# If you had to...machine only routine



## TheStarkFactor (Mar 12, 2013)

Hey.

If you had to do a machine only full body workout, no barbells, or dumbells, three times a week then what would the routine look like?

Assuming the gym is fully kitted with the most common machines....

Hammer Strength, Smith, TechnoGym thingies etc...

I might be in a situation whereby I'll only have use of machines for around five weeks due to working away with work and I want a worst case scenario of a machine routine as I think the hotel gym is poorly specced.

If there are barbells or dumbells then bonus or another gym close by even better.

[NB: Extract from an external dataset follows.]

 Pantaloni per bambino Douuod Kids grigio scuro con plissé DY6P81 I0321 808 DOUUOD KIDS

Though I'd still love to hear your thoughts on a machine only routine!


----------



## Jamieson (Jul 11, 2014)

TheStarkFactor said:


> Hey.
> 
> If you had to do a machine only full body workout, no barbells, or dumbells, three times a week then what would the routine look like?
> 
> ...


Hi ya,

I'd do the following:

Leg Press or leveraged squat

Palms up Pull downs or Chins if they have a dip/chin/leg raise station

Hammer Chest Press/incline press or dips

Supported row/Hammer row/seated cable row

Shoulder Press/lateral raise machine

Calf raises/toe press on the leg press machine

If you're going to failure on the compound movements you probably won't be able to train arms directly, infact, you won't need to as they'll get hit form all the pressing and pulling compound movements anyway 3 x a week.

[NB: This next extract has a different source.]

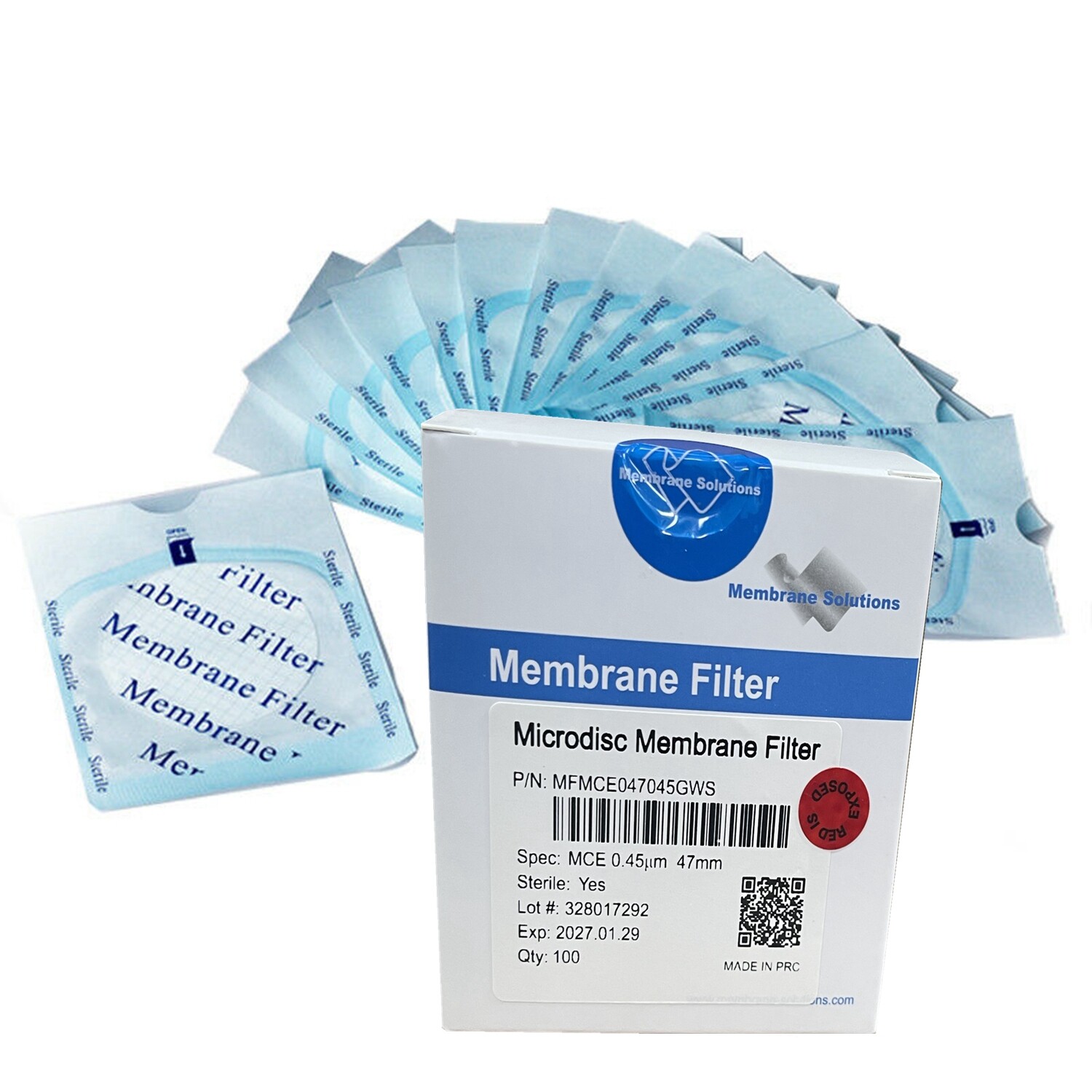 Mixed Cellulose Ester MCE Membrane Filter Grid,Hydrophobic 0.45µm 47mm,6000pcs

For a bit of variety, I'd swap the order of the exercises but would always start with legs and alternate push/pull movements to eliminate any potential issues with grip strength caused by doing two pulling exercises in a row.

Hope this helps and best of luck!

J.


----------



## TheStarkFactor (Mar 12, 2013)

Thanks for the post and suggestions mate. I'm doing stronglifts 5x5 so that should work?


----------



## nWo (Mar 25, 2014)

Funnily enough, just the other day a mate of mine who "just wants to get a bit bigger" asked me to write him up a routine. I pointed out a few online and he said he "wasn't into barbells and dumbbells and dumbbells because they're boring" :laugh: Spent almost an hour trying to convince him otherwise but in the end I said fúck it, be interesting to see how he gets on. I wrote him up a machine-only version of my torso/limbs split (modified upper/lower type split). Not quite full-body but it's half-body, and tbf many full-body workouts are alternating/A-B type workouts anyway. Here's what I gave him:

Workout A (Torso)

Chest press

Pec flye

Shoulder press machine

Pulldowns

Closegrip cable row

Widegrip cable row

Workout B (Arms & legs)

Cable or machine curls

Cable/rope overhead tricep extensions

Leg press

Leg extensions

Glute-ham raise

Leg curls

Alternate between A and B each workout. So your two week schedule if training 3 days a week might look like this:

Mon - A

Tues - Rest

Wed - B

Thurs - Rest

Fri - A

Sat - Rest

Sun - Rest

Mon - B

Tues - Rest

Wed - A

Thurs - Rest

Fri - B

Sat - Rest

Sun - Rest

With my split I just do one day on, one day off.


----------



## Jamieson (Jul 11, 2014)

TheStarkFactor said:


> Thanks for the post and suggestions mate. I'm doing stronglifts 5x5 so that should work?


I certainly would think so, although doesn't Stronglifts have Deads as a key movement? I think the only way you could do deads on a machine would be with a low pulley but that would be more of a drag deadlift than a regular one but is better than nothing.


----------



## harryalmighty (Nov 13, 2011)

Jamieson said:


> I certainly would think so, although doesn't Stronglifts have Deads as a key movement? I think the only way you could do deads on a machine would be with a low pulley but that would be more of a drag deadlift than a regular one but is better than nothing.


out of interest, this is purely hypothetical right?

Edit: sorry read the full post.

if the gym is going to be poorley equipped then it will be machine wise too. assuming that they have hammer strength machines, which are plate loaded then they are going to have barbells etc.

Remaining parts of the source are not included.